Hey talk away , doesn't bother me , I'm sure you've noticed I can talk too 😂😂 Not sure how it works over there but here at around 45- 50 yrs old we get called in by our GPS for a health check , so yr bloods are taken & they check how organs are doing , chlorestrol levels , diabetes etc , my Liver reading was a bit high but so was my chlorestrol readings , unfortunately PBC can give a false chlorestrol result , but I was treated for this & put on statins of which I had terrible side affects ! so another GP wanted to test my Liver bloods again which came back higher & she referred me to a liver consultant , who was also a PBC specialist , I had an upper endoscopy , which showed PBC & Acid reflux , so I then had a biopsy which of course confirmed PBC , I would never have known , I had no symptoms I just felt tired alot for yrs but put it down to working & raising a family ! how wrong could I be 🙄 I had no further symptoms for almost 5 yrs but things changed & when they did it changed dramatically & quick . I'm so glad you can control yr itch & I hope it remains that way for you , unfortunately for me that wasn't to be the case it excelled so quickly , my feet & hands where always swollen , I looked like I had shrek feet lol , I had Arthritis pre PBC but it's now osteoarthritis & I have yearly dexo scans to see how much deteriation has occurred to watch for osteoporosis, all are connected to PBC .

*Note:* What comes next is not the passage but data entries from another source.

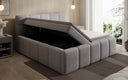 Designer upholstered bed Romy in Teddy Bouclé with storage, including mattresses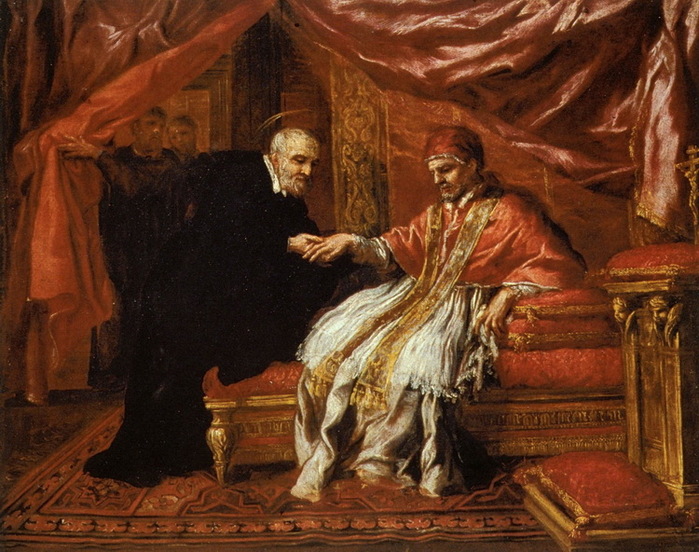 1636-1642 Saint Filippo Neri Curing Pope Clement VIII, c. 1636-42 (700x552, 157Kb)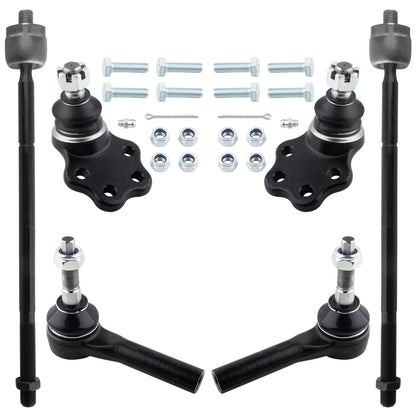 BOXI (Set of 6) K7393 ES3571 EV406 Front Lower Ball Joints + Inner & Outer Tie Rods Kit Fits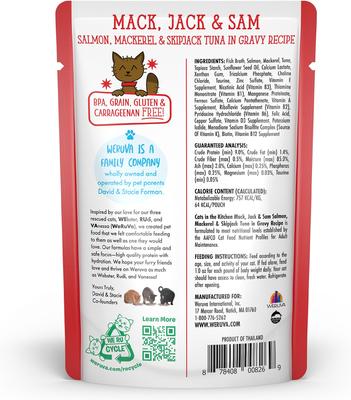 Show full view: Weruva Cats in the Kitchen Mack, Jack & Sam Salmon, Mackerel & Tuna Recipe Grain-Free Cat Food Pouches, 3-oz pouch, case of 12 slide 5 of 13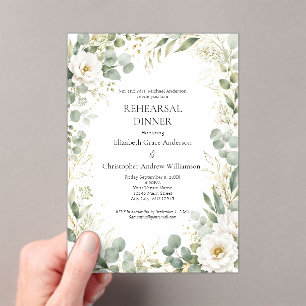 Eucalyptus Botanicals White Rose Rehearsal Dinner Acrylic Invitations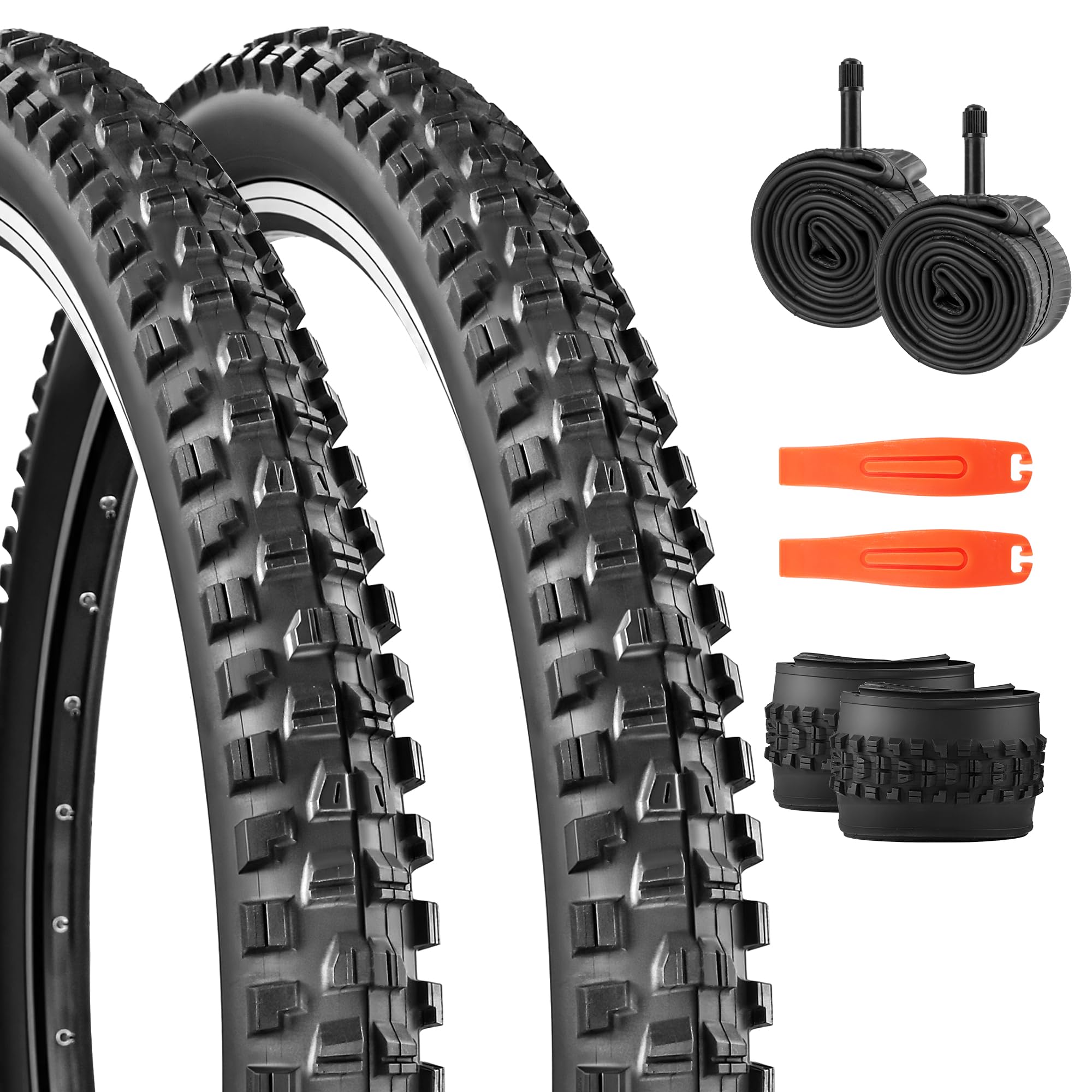 26/27.5/29x2.3 MTB Allround Fahrradreifen Fahrradmantel 30TPI Faltreifen Decke 2XReifen+ 2xSchlauch+2xReifenheber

PBC is still classed as pretty rare & connected to so many other autoimmune diseases it can get easily missed until people become yellow or develope extreme pirituis, they are learning new things about it all the time , there as you know is no cure for it & a transplant doesn't eradicate it either , I will always have PBC but it's been sent back to the beginning ( that's the only way I can describe it ) & they have good results to show that going back on Urso after transplant helps protect the graft from PBC !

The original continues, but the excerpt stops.